Umamah Bakharia ub@radioislam.co.za

3 min read
4 November 2022 | 10:00 am CAT

Protests in Iran continue following the death of Mahsa Amini, a 22-year-old Kurdish woman who was allegedly killed in Tehran by morality police for improperly wearing her scarf.

 

Photo credit: AP/Vahid Salemi

 

Since then, forty prominent human rights lawyers in Iran are publicly criticising the country’s rulers, which they say will be unsuccessful because protesters no longer care about violent crackdowns.

“The government is still drowning in illusions and believes it can repress, arrest and kill to silence,” the lawyers said in a statement sent to Reuters.

“But the flood of people will ultimately remove a government because the divine will side with the people. The voice of the people is the voice of God.”

Speaking to Radio Islam International on this week’s ‘Media Lens’, analyst Ebrahim Deen says protests have been increasing since 2019 when Iranians protested against water and electricity prices. However, since then, the government has not been able to curb the protests.

“The government at the moment doesn’t know how to deal with [protestors] and the fact of the clerical establishment who has bought into the system- which had worked quite well, and so there’s very little support for government action, but again, there’s also the support of the protestors only seem to be a certain age group,” he says.

Deen adds that the media coverage has been focusing on ‘anti-hijab’ narratives.
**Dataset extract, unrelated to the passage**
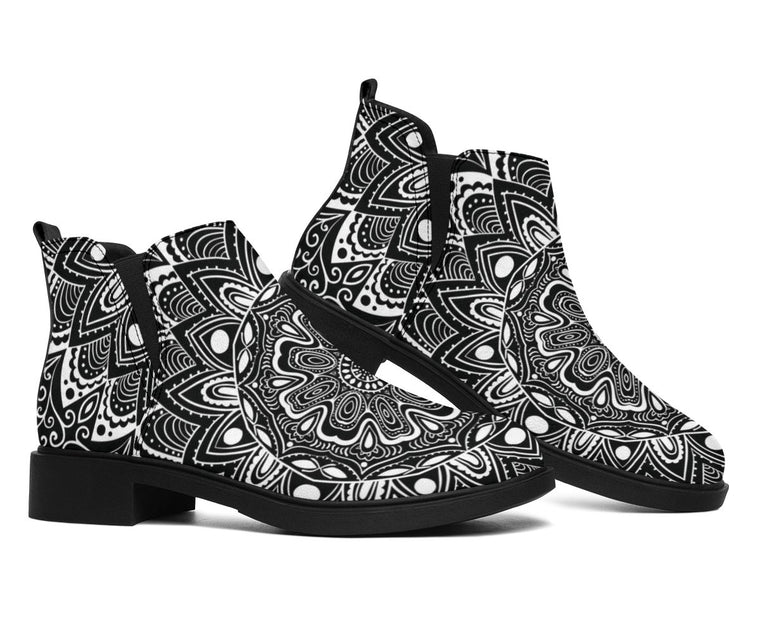 Black and White Mandala Fashion Boots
However, some major news outlets, like Al Jazeera etc., have looked at the situation in Iran as a socialist culmination.

“Also, the fact that the situation in Iran politically has worsened over the past 4 years – freedom has become more conceited and more people are alienated from the governing regime, but the general narrative has been on the ‘anti-hijab’ protests mainly because of Western media and also because of Irans role in supporting Russia in Ukraine,” he says.

In past years violent protests erupted in Iran over election results and economic challenges, but the current unrest has one main demand — the abolishment of the Islamic Republic.

Since Amini’s death, Iran has denied allegations by human rights groups that it abuses prisoners.